合併により、各社の強みを融合したことで、新たなサービスや価値あるユーザー体験の創出が期待されています。
最後に、新設合併に関するよくある質問とその回答を紹介します。
新設合併後の株式の扱いでは、旧会社の株式は全て消滅し、新たに設立される会社が新株式を発行します。
この新株式は、合併前の各会社の株主に対し、持分に応じた割合で割り当てられ、株主は引き続き新会社の所有権を保有する形になります。
新設合併後は、通常、合併比率や新株割当条件が調整されることで、株主の経済的持分価値が合併前後で大きく変わらないよう配慮されます。
その結果、株主にとっての経済的価値や事業の継続性が保たれる仕組みとなっています。ただし、新設会社の設立に伴い、形式的には法人格が変更される点に留意が必要です。
新設合併における従業員の処遇は、組織統合の成否を左右する重要な要素です。
合併により新会社が設立されると、従業員の配置転換や職務内容の変更が行われることがあります。これに伴い、新しいスキルを身につけるチャンスが生まれる一方で、環境の変化に不安を感じるケースも少なくありません。
そのため、従業員のモチベーションを保ち、不安を和らげるための丁寧な説明や支援策が欠かせません。処遇の透明性を確保し、納得感のある対応を行うことが、新設合併を円滑に進める鍵といえます。
新設合併は、事業承継の一手段として活用されることがあります。
特に家族経営や中小企業では、次世代への円滑な事業承継を目的に、新設合併が検討されることがあります。複数の関係会社を統合し、新会社に一体化することで、経営体制を整理しやすくなるためです。

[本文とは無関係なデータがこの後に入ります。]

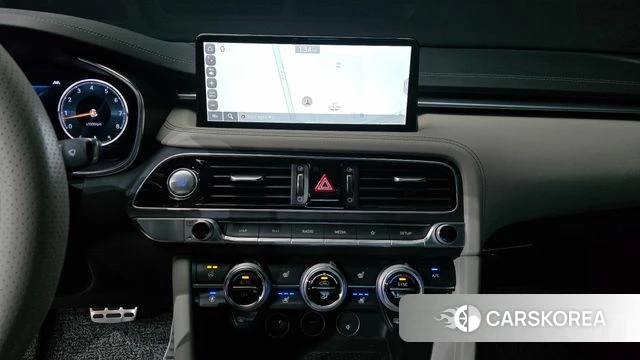 Genesis The New G70 2021 Белый из Кореи, фото 5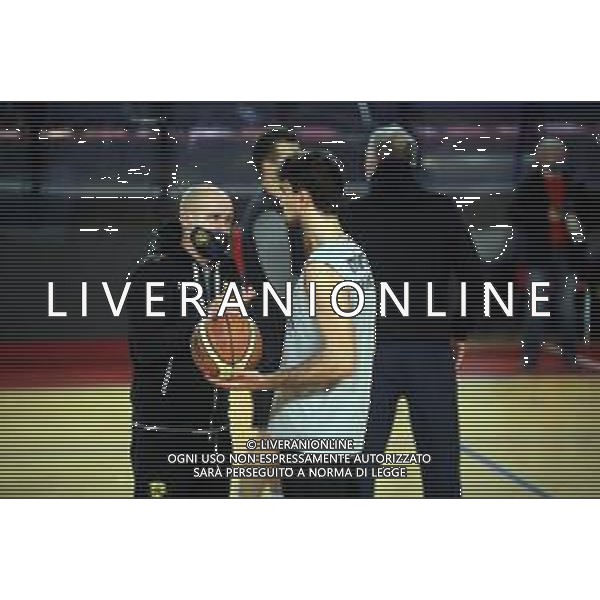 IMOLA 04 02 2021 VIRTUS IMOLA BASKET PRIMO ALLENAMENTO DOPO 4 MESI DI STOP A CAUSA CORONAVIRUS NELLA FOTO ALLENATORE MARCO REGAZZI E NUOVO GIOCATORE FEDERICO SALSINI EX VIRTUS BOLOGNA FOTO GIANNI SANNA-AG ALDO LIVERANI SAS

ただし、新設合併では旧株主が新会社の株主として残るため、経営権を完全に次世代に移したい場合には不向きな側面もあります。このため、一般的な事業承継では株式譲渡や事業譲渡など他の手法が選ばれることが多いです。
新設合併は、企業の成長戦略の選択肢の一つです。このプロセスを通じて、新たな企業を設立し、それに複数の企業が合併することで、効率的な資源の統合や競争力の強化を図ることができます。この記事では、新設合併の特徴やメリット・デメリット、そして吸収合併との違いについて詳しく解説しました。